> _REQUIRED WORK_: Go through the listing below and write out exactly the lines from the one that mentions "If I now put" through the one that mentions "There are two", minus the pictures.

> _EXERCISE DATA_:
*** Begin section ***

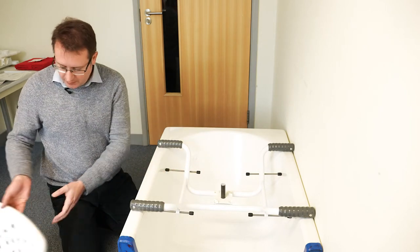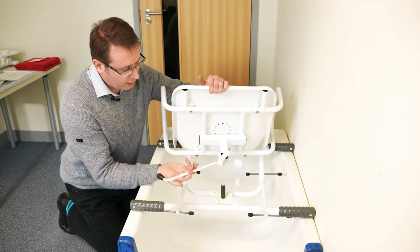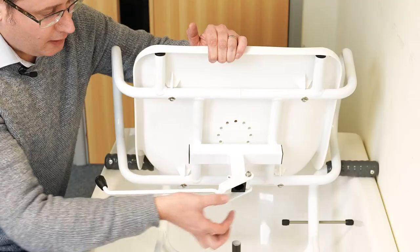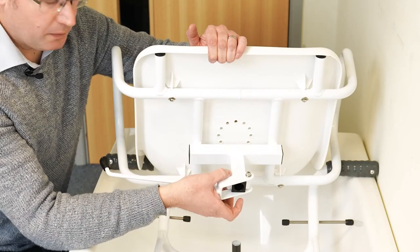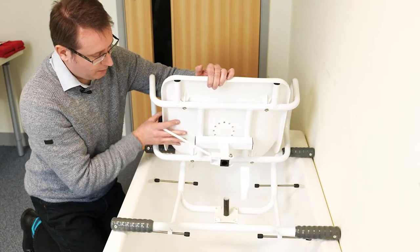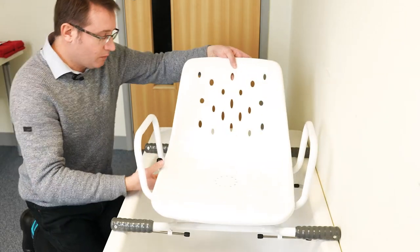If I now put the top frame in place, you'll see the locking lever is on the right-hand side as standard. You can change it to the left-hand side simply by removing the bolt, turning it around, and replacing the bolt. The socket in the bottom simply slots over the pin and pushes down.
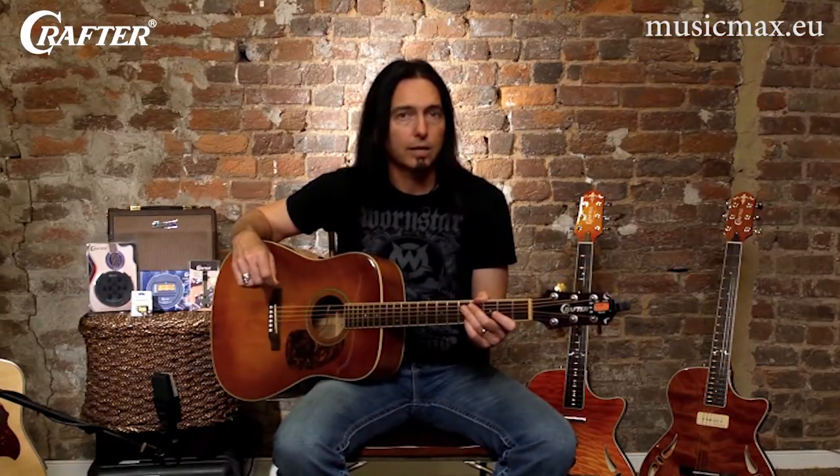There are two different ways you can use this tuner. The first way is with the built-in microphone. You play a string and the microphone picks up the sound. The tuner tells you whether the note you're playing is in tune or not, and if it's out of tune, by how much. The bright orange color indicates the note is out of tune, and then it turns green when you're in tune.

*** End section ***
*** Begin section ***

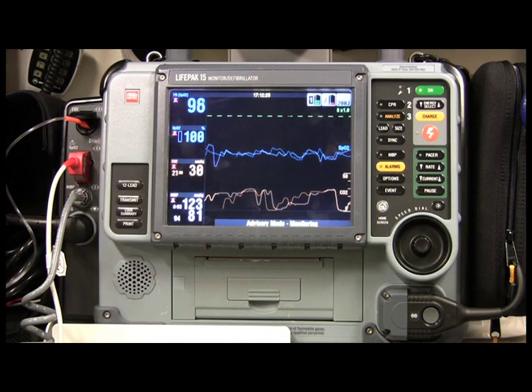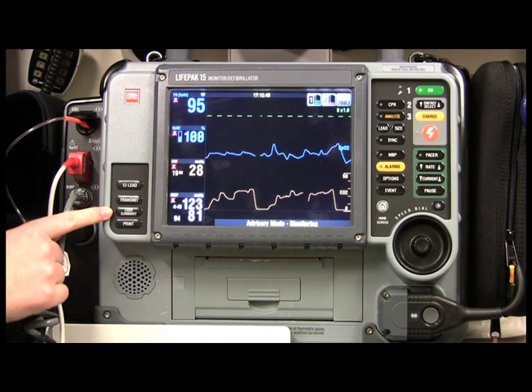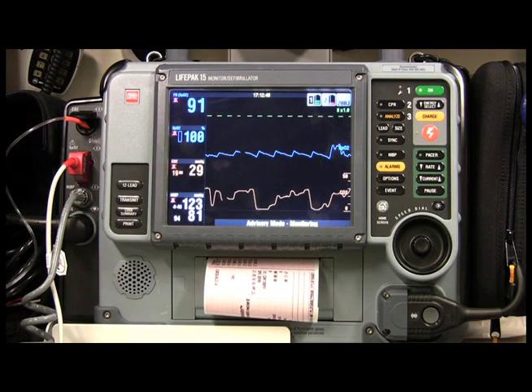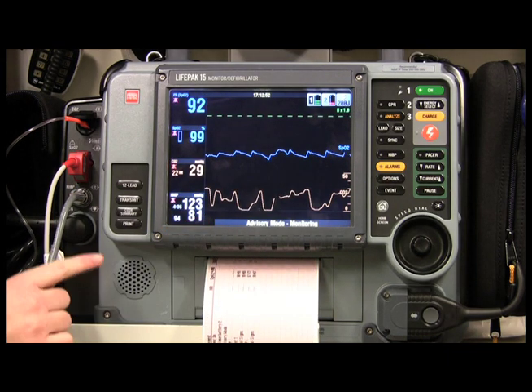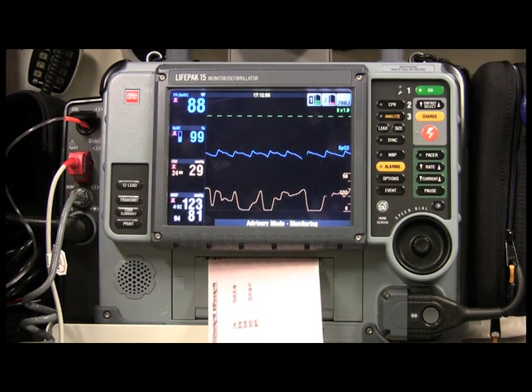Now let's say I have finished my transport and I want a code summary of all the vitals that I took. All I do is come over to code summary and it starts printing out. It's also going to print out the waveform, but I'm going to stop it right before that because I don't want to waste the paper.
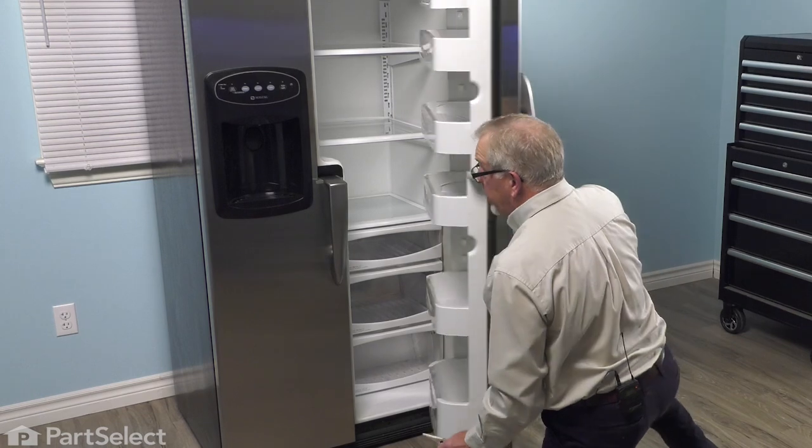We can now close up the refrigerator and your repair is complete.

*** End section ***
*** Begin section ***

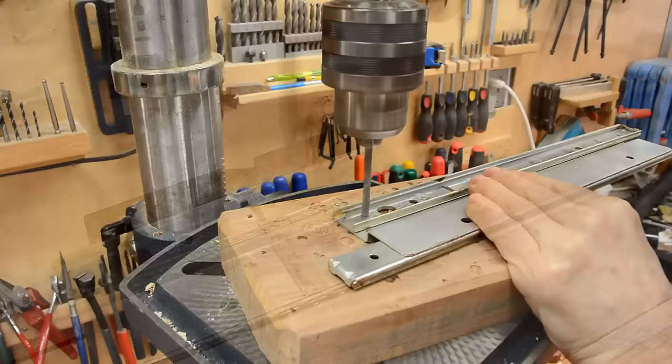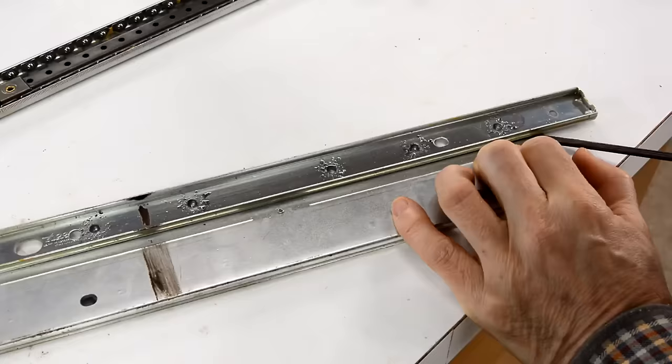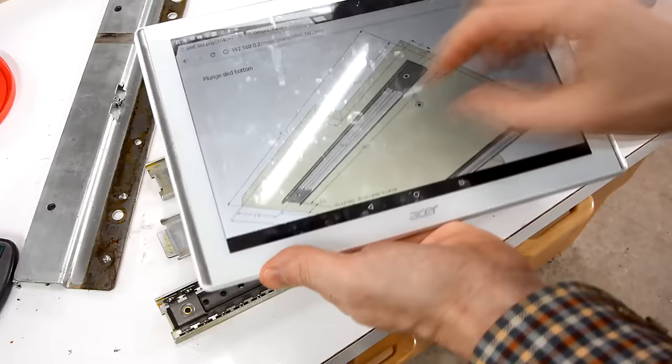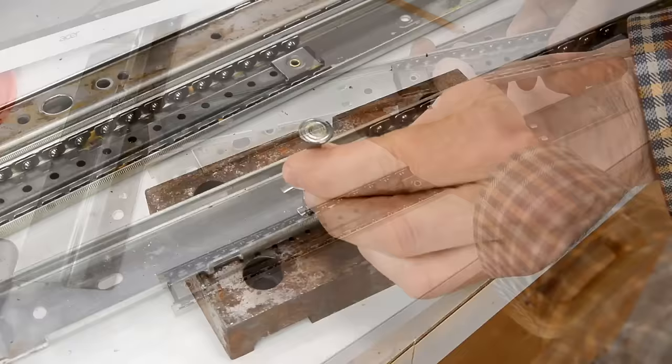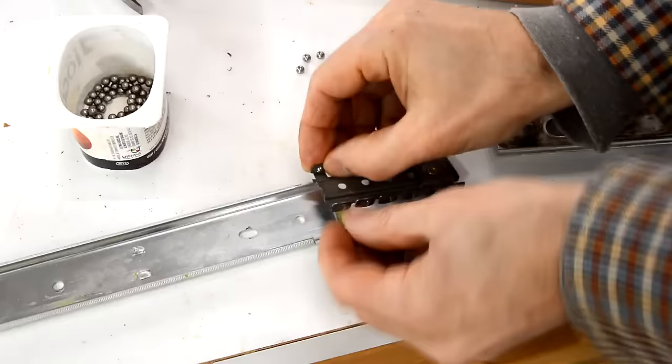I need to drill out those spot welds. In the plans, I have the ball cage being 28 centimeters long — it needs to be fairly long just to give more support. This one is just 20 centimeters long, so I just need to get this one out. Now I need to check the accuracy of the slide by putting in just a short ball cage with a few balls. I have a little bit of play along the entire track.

*** End section ***

> _FINAL ANSWER_:
If I now put the top frame in place, you'll see the locking lever is on the right-hand side as standard. You can change it to the left-hand side simply by removing the bolt, turning it around, and replacing the bolt. The socket in the bottom simply slots over the pin and pushes down.
There are two different ways you can use this tuner. The first way is with the built-in microphone. You play a string and the microphone picks up the sound. The tuner tells you whether the note you're playing is in tune or not, and if it's out of tune, by how much. The bright orange color indicates the note is out of tune, and then it turns green when you're in tune.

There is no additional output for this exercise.